School in Cerceda, Madrid, Spain

Montesclaros High School (Spanish: Colegio Montesclaros) is located in the town of Cerceda, Madrid, a region in the middle of Spain.

The School was founded in 2009.

Cerceda is the main town, and some of the students attend the School but many other students come from neighbouring villages.
A new scout group is going to be established futurely and sections are:
  - Beaver scouts (Spanish: Castores), from 5/6 to 8/9 years.
  - Cub scouts (Spanish: Lobatos), from 8/9 to 10/11 years.
  - Scouts (Spanish: Scouts), from 11/12 to 13/14 years.
  - Explorers (Spanish: Escultas), from 13/14 to 16/17 years.
  - Rovers, from 17/18 to 20/21 years.
  - Scout leaders (Spanish: Scouters, from 20/21 years and up.
The neckerchief of the group has the colors red, grey and white
Mottos and colours:
- Yellow
  - Beaver scouts: Compartir (sharing).
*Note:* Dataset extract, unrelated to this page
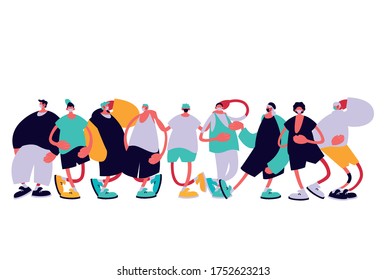 Urban men cartoons with masks and casual cloth design of Medical care and covid 19 virus theme Vector illustration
Colour: Turquoise
  - Cub scouts: Haremos lo mejor (We will do our best). Colour: Yellow
  - Scouts: Siempre listos (Be prepared). Colour: Green
  - Explorers: Unidad (Unit). Colour: Brown
  - Rovers: Servir (Serving). Colour: Red
The scout group's name is Grupo Scout Waigunga 216, belonging to ASDE. They meet every saturday at from 4-6 p.m. and go camping and do field trips once a term.